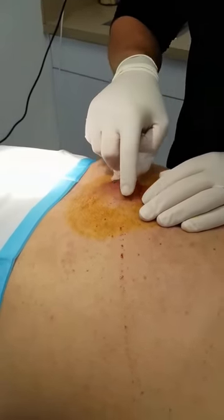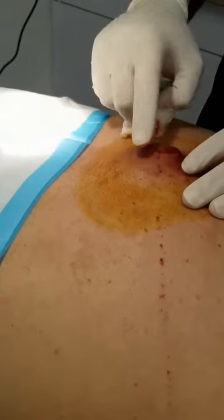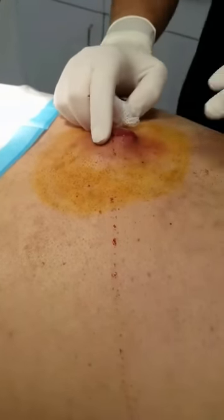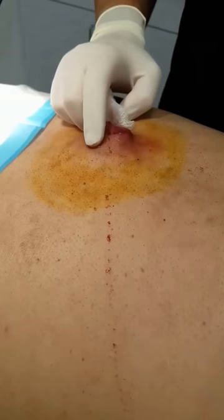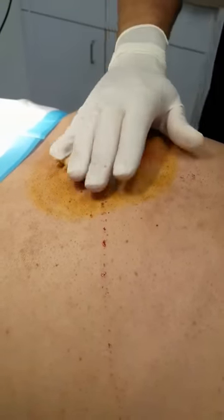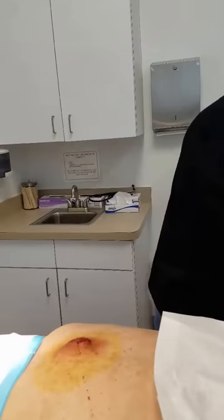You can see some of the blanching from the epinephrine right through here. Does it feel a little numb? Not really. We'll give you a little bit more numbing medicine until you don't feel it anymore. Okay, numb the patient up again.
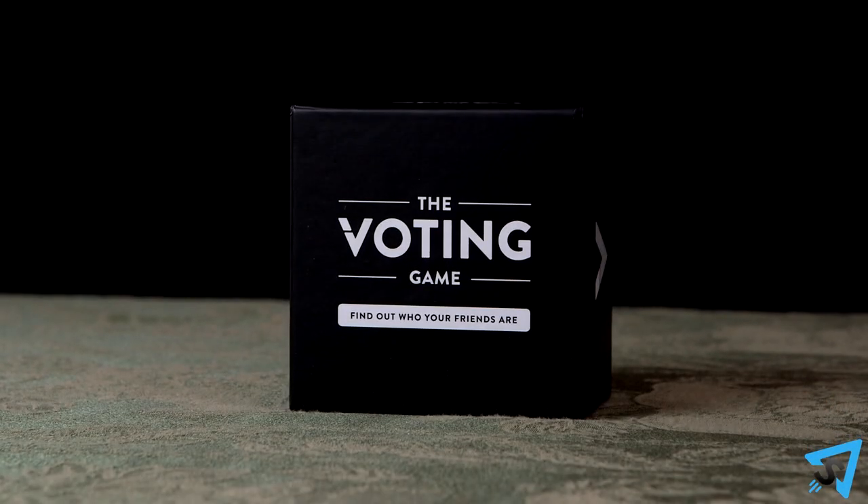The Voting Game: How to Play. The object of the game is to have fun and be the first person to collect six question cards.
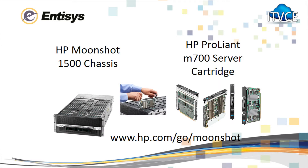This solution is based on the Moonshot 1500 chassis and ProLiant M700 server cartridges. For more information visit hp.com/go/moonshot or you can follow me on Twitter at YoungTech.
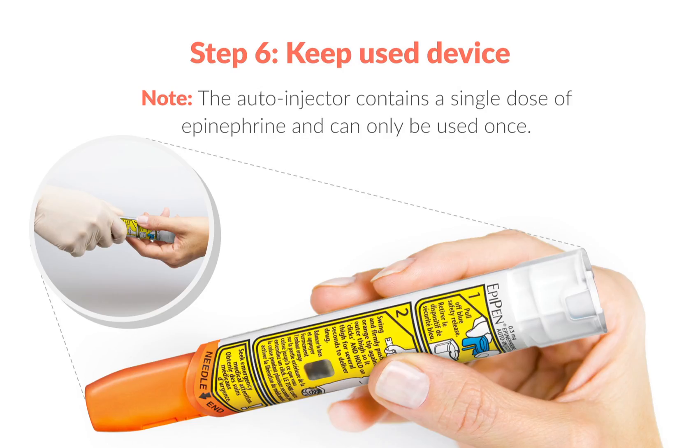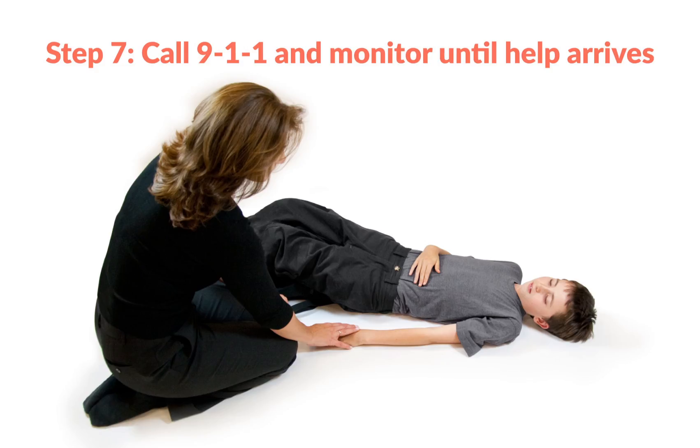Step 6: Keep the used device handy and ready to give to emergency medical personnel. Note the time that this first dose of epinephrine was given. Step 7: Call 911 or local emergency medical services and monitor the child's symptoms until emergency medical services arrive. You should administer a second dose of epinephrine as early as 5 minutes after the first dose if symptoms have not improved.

-- Exercise aim --
Retype the listing exactly. Leave the pictures out.

-- Exercise result --
You can see some of the blanching from the epinephrine right through here. Does it feel a little numb? Not really. We'll give you a little bit more numbing medicine until you don't feel it anymore. Okay, numb the patient up again.
The Voting Game: How to Play. The object of the game is to have fun and be the first person to collect six question cards.
This solution is based on the Moonshot 1500 chassis and ProLiant M700 server cartridges. For more information visit hp.com/go/moonshot or you can follow me on Twitter at YoungTech.
Step 6: Keep the used device handy and ready to give to emergency medical personnel. Note the time that this first dose of epinephrine was given. Step 7: Call 911 or local emergency medical services and monitor the child's symptoms until emergency medical services arrive. You should administer a second dose of epinephrine as early as 5 minutes after the first dose if symptoms have not improved.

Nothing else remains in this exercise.